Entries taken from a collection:

_ _ _

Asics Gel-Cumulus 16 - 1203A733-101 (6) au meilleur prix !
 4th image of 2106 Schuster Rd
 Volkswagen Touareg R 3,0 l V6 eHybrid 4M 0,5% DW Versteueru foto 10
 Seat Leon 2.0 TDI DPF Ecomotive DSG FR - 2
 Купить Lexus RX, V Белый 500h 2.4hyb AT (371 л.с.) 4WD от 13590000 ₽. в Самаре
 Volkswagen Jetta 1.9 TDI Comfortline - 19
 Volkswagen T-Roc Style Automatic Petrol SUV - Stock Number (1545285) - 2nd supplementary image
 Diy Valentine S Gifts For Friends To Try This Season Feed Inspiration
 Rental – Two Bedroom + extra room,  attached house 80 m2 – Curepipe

_ _ _

**Work item**
Start at the line with "Volkswagen T-Roc Style" and stop at the end of the records. Write those lines out exactly and add nothing.

**The completed task**
 Volkswagen T-Roc Style Automatic Petrol SUV - Stock Number (1545285) - 2nd supplementary image
 Diy Valentine S Gifts For Friends To Try This Season Feed Inspiration
 Rental – Two Bedroom + extra room,  attached house 80 m2 – Curepipe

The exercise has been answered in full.